Sendo o programa PJE uma decisão chancelada pelo Supremo Tribunal

Federal e pelo Conselho Nacional de Justiça, estando agora o sistema instalado

Judiciário afora, com suas falhas e inconvenientes, a qual a externa ao Poder

Judiciário o cidadão pode reclamar sobre processo judicial eletrônico(PJE) ?

Será que o cidadão deverá buscar o próprio Judiciário(função jurisdicional)

contra o Judiciário(função administrativa) ?

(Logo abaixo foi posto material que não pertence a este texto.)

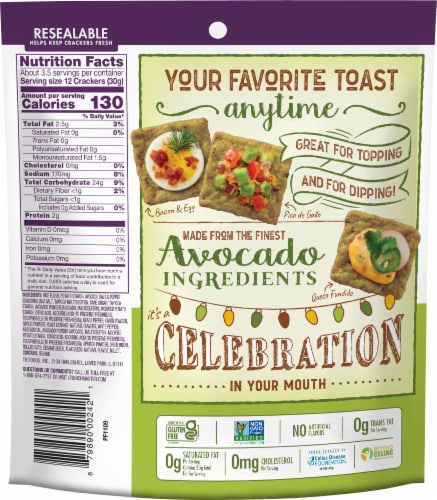 Crunchmaster® Avocado Toast Salt & Pepper Perspective: back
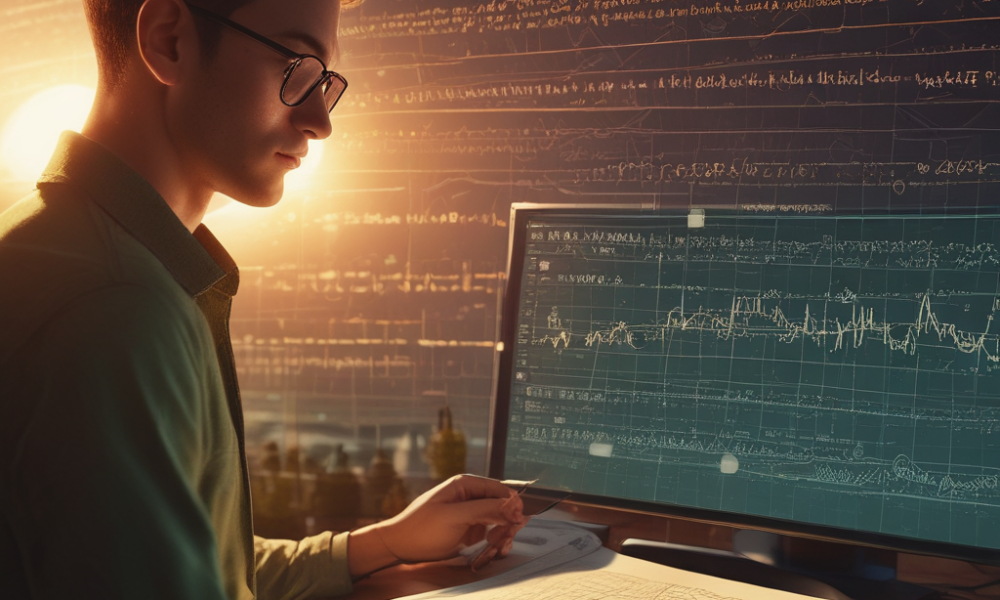 Rare 5-leaf clover and mathematical probability formulas showing statistical impossibilities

Será que o cidadão poderá buscar o Supremo Tribunal Federal ou

Conselho Nacional de Justiça que chancelaram a criação do PJE?

Deverá o cidadão buscar a Comissão de Constituição e Justiça do Senado

Federal ou da Câmara dos Deputados ?

Poderá o cidadão buscar a Secretaria de Reforma do Judiciário do

Ministério da Justiça ?

Diferentemente daquilo que ocorre nas outras funções administrativas ou

normativas dos Poderes Executivo e Legislativo, o ativismo cidadão se torna refém

do próprio Poder Judiciário, quanto aos atos administrativos e normativos daquele

Poder.

O cidadão não vota para eleger nenhum membro do Judiciário para nada,

ainda que seja para um mero cargo administrativo e temporário de ouvidor do Poder

Judiciário.

O cidadão não “plebiscita”, nem referenda qualquer ato normativo singular

ou coletivo do Poder Judiciário(portarias, resoluções, provimentos) ainda que venha

a ser afetado direta ou indiretamente por ele.

Se um cidadão propuser uma ação popular contra ato administrativo da

gestão judiciária perante um juiz de Direito, esse cidadão estará se insurgindo

perante o Judiciário-julgador contra um ato do Judiciário que administra.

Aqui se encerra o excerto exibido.